SOURCE MATERIAL ->

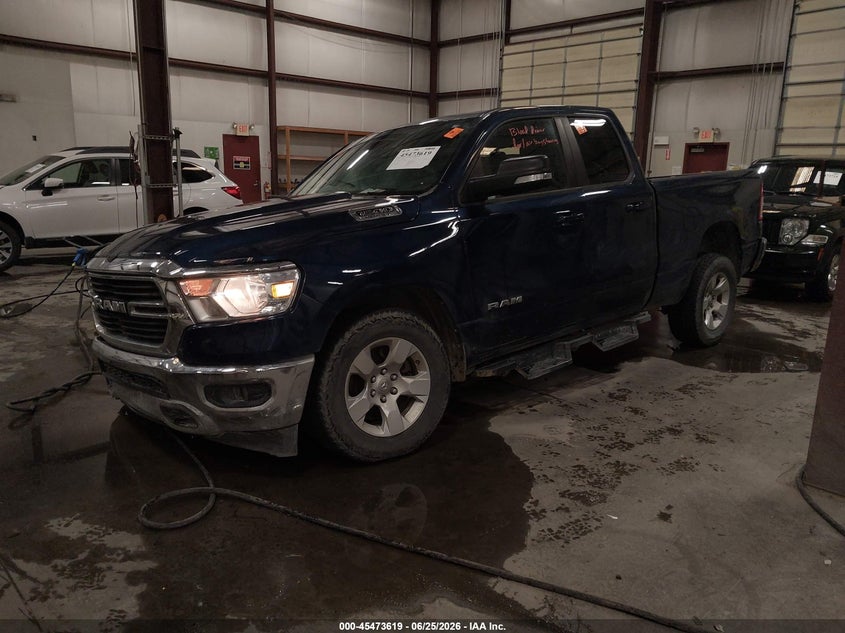 Vin: 1c6srfbt3mn796297, lot: 45971756, ram 1500 big horn  4x4 6'4 box 20212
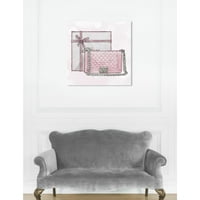 Wynwood Studio 'A Boys Bag ezüst' Fashion Purses Wall Art - Rózsaszín és szürke divat kézitáskák Modern kortárs vászon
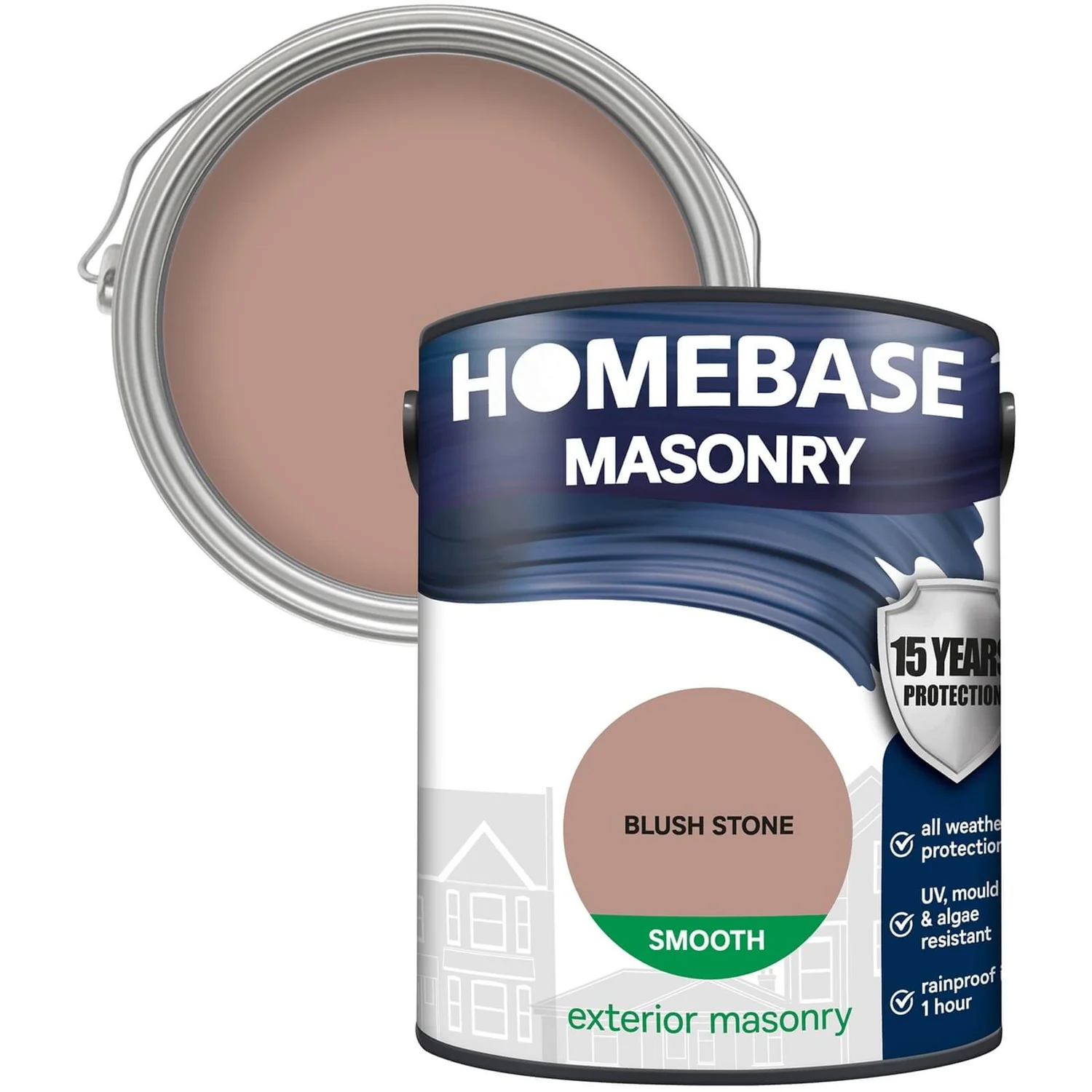 Homebase Smooth Masonry Paint - Blush Stone 5L 3 Homebase Smooth Masonry Paint - Blush Stone 5L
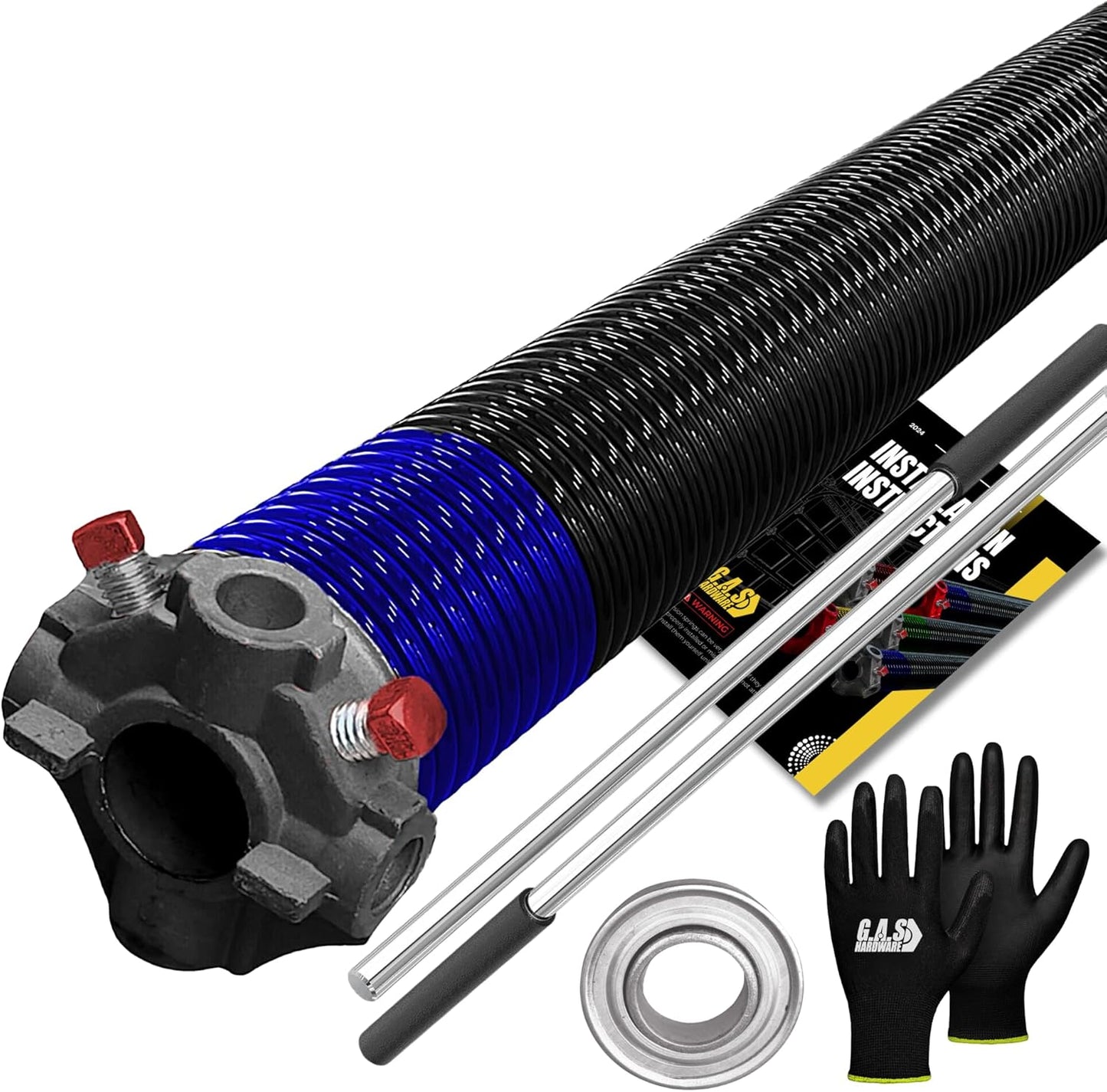 Garage Door Torsion Spring 262x1.75x40 Includes 1” Steel Bearing, Gloves, Manual, and Winding Bars for Right Side of Garage Door Precision E-Coating 5-Year Warranty Min. 30,000 Cycles (Black Cone)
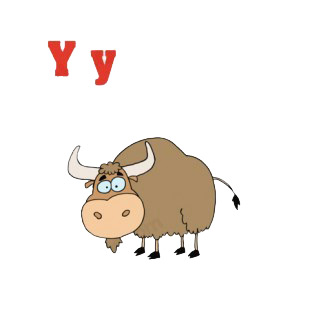 Alphabet Y  brown Yak listed in characters decals.
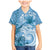 Polynesian Hibiscus Flower Tribal Family Matching Mermaid Dress and Hawaiian Shirt Blue Color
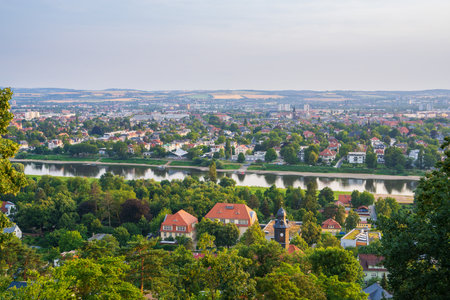 View of the city of Dresden, Germany, Elbe River. Ferry crossing. Famous tourist spotの写真素材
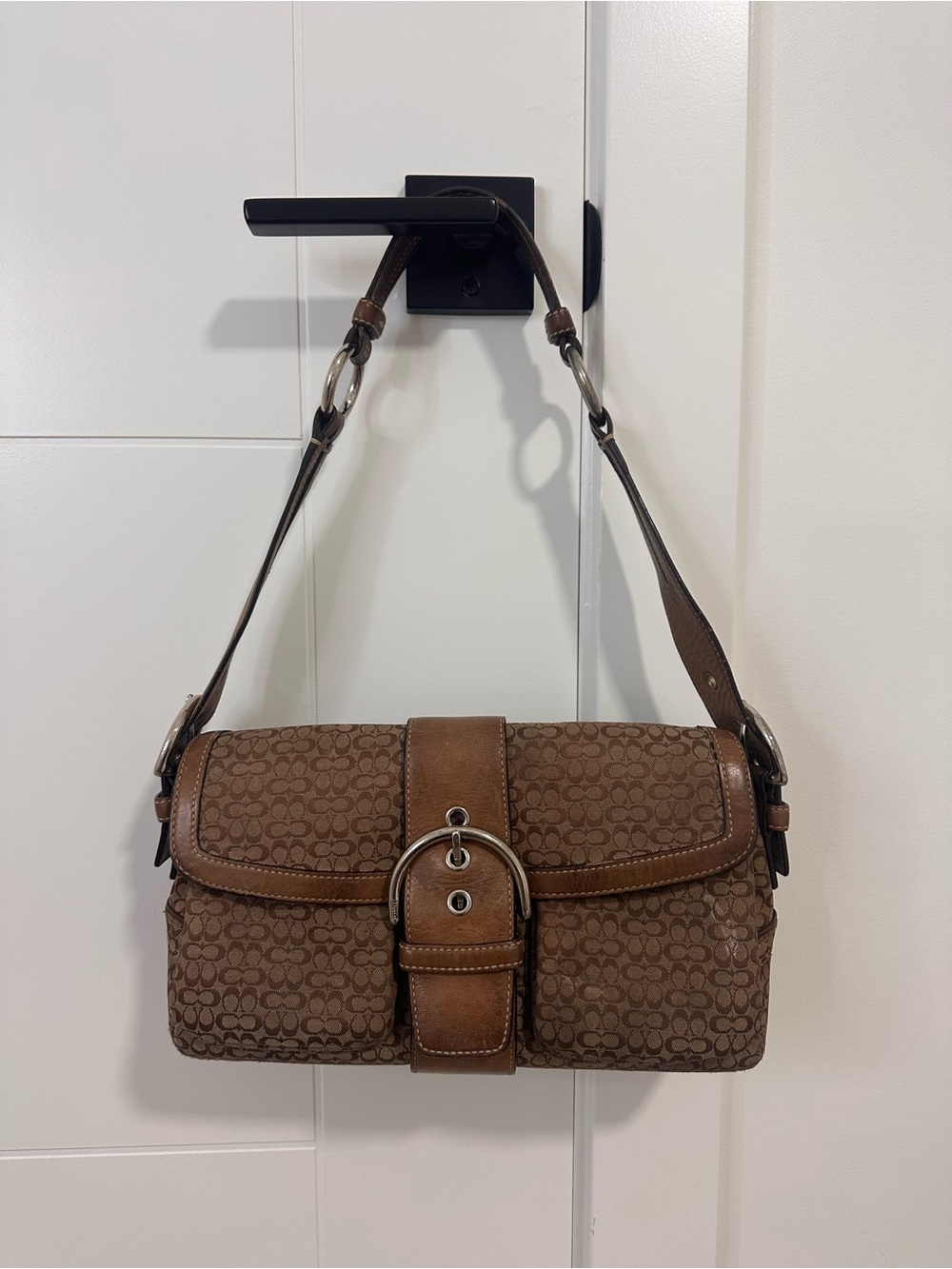 Coach Soho Signature Double Pocket Flap Shoulder Bag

INSTRUCTIONS TO FOLLOW -> Nothing but the lines from the one containing "in characters decals." through the end of the listing should be written out, each exactly, and pictures must be left out.

ANSWER AREA ->
 Alphabet Y  brown Yak listed in characters decals.
 Polynesian Hibiscus Flower Tribal Family Matching Mermaid Dress and Hawaiian Shirt Blue Color
 View of the city of Dresden, Germany, Elbe River. Ferry crossing. Famous tourist spotの写真素材
 Coach Soho Signature Double Pocket Flap Shoulder Bag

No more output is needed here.